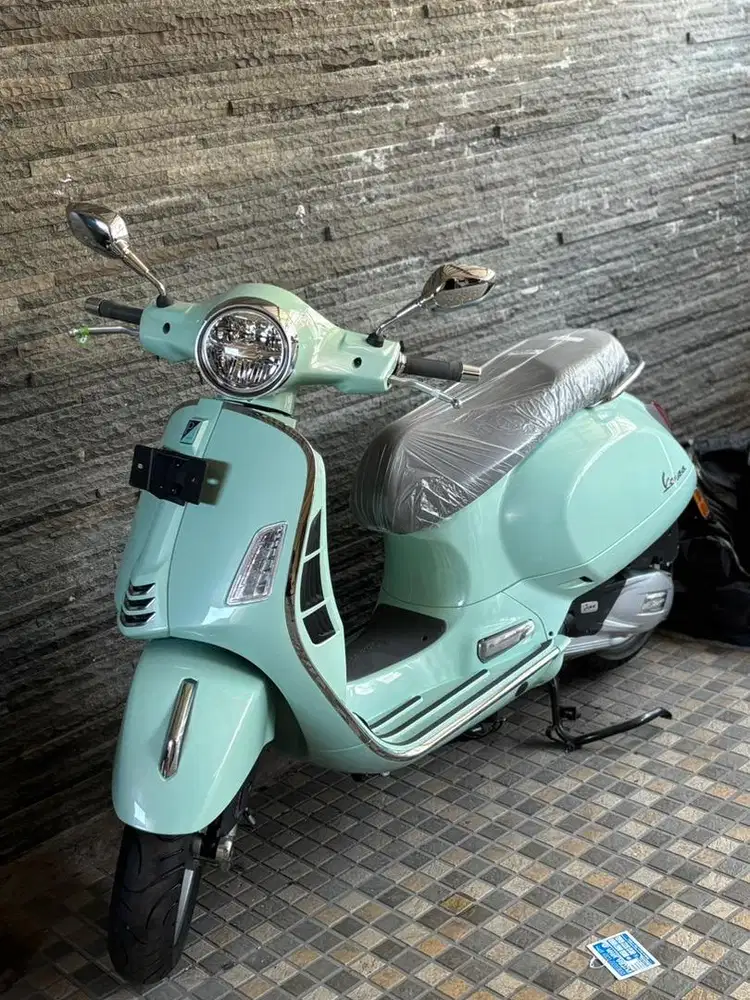 Vespa Gts 150 Tahun 2025
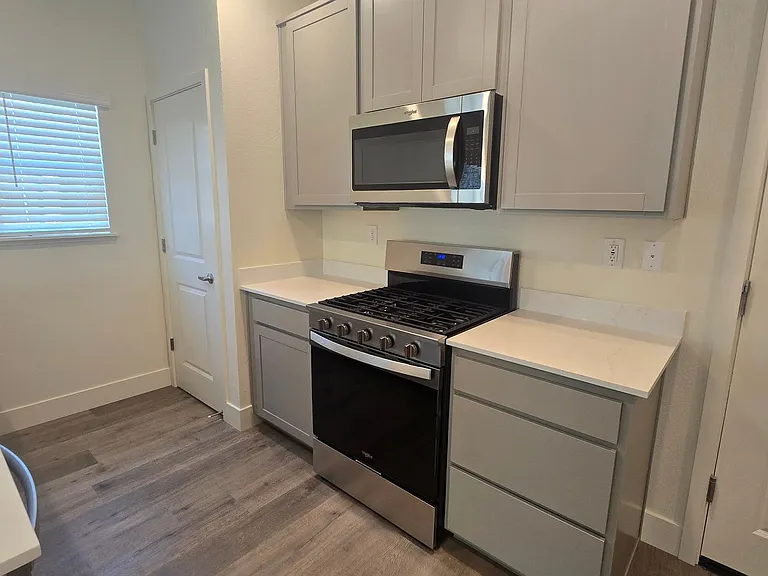 5854 Altitude St — Photo 10
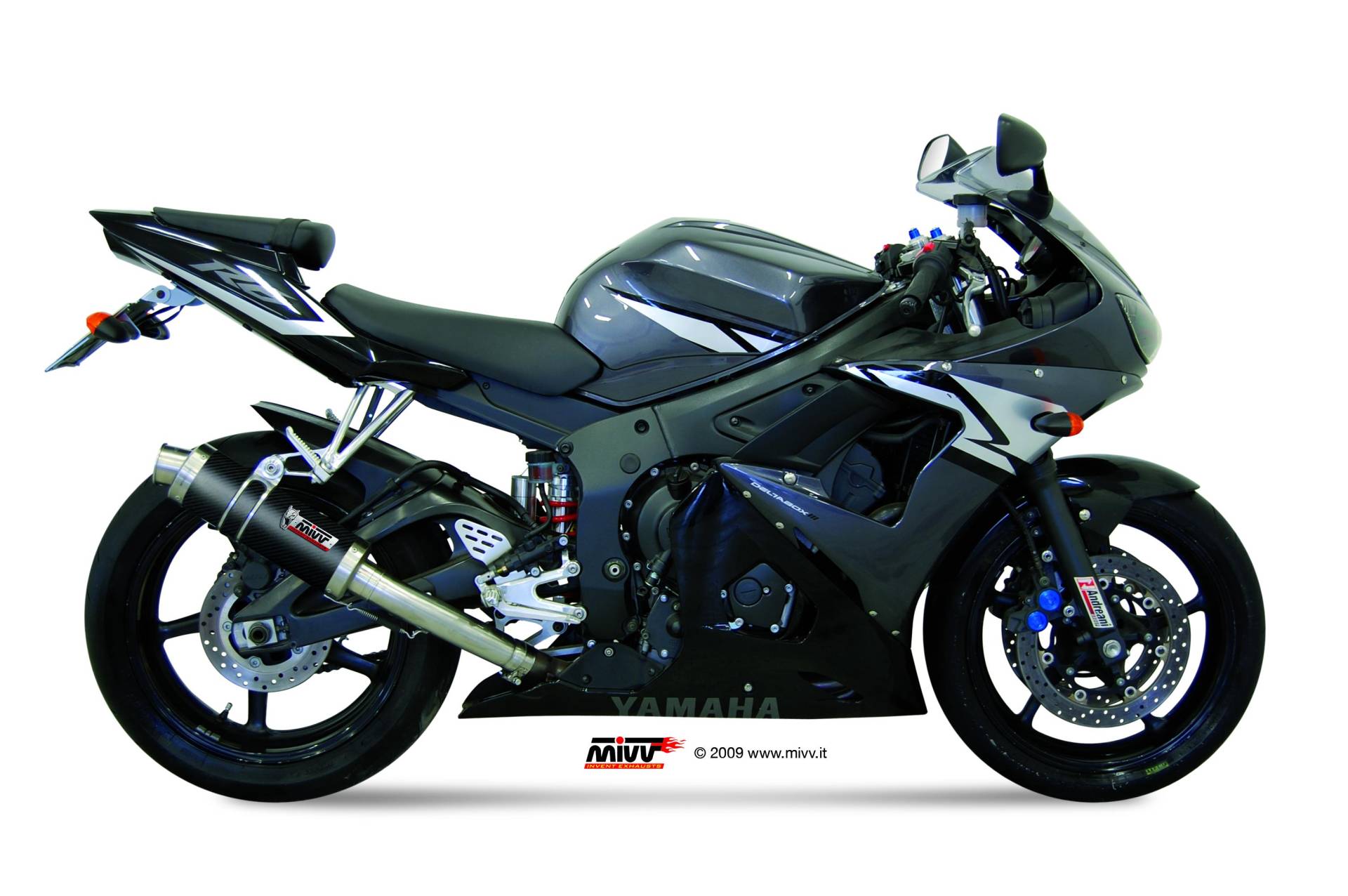 Sport Auspuff MIVV GP Carbon Yamaha YZF 600 R6 Bj. 2003-2005 Typ: RJ05/RJ09 mit ABE Sport Auspuff MIVV GP Carbon Yamaha YZF 600 R6 Bj. 2003-2005 Typ: RJ05/RJ09 mit ABE von MiVV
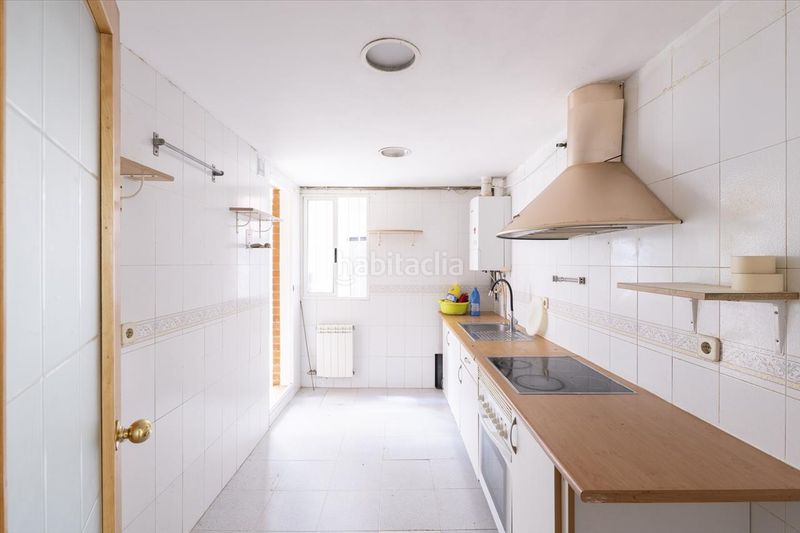 Foto 5c00a607-4a4a-4a83-971b-cfce63a81df6. Pis a calle de los melonares 6 a Casa Amarilla Galapagar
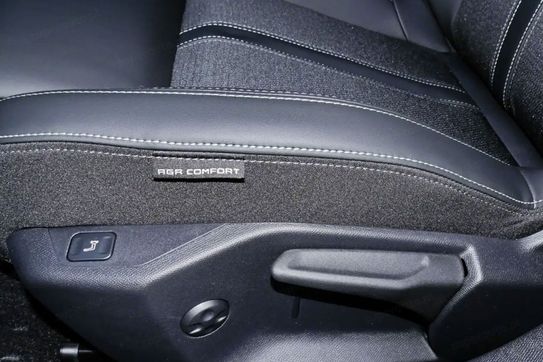 Peugeot 408 Business 1.2 mHEV e-DSC6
==============================
**Directions for this task:** Take the lines from the first line of the entries through the line with "ABE von MiVV", inclusive, and give them again exactly, minus any pictures.

**Exercise answer:**
 Vespa Gts 150 Tahun 2025
 5854 Altitude St — Photo 10
 Sport Auspuff MIVV GP Carbon Yamaha YZF 600 R6 Bj. 2003-2005 Typ: RJ05/RJ09 mit ABE Sport Auspuff MIVV GP Carbon Yamaha YZF 600 R6 Bj. 2003-2005 Typ: RJ05/RJ09 mit ABE von MiVV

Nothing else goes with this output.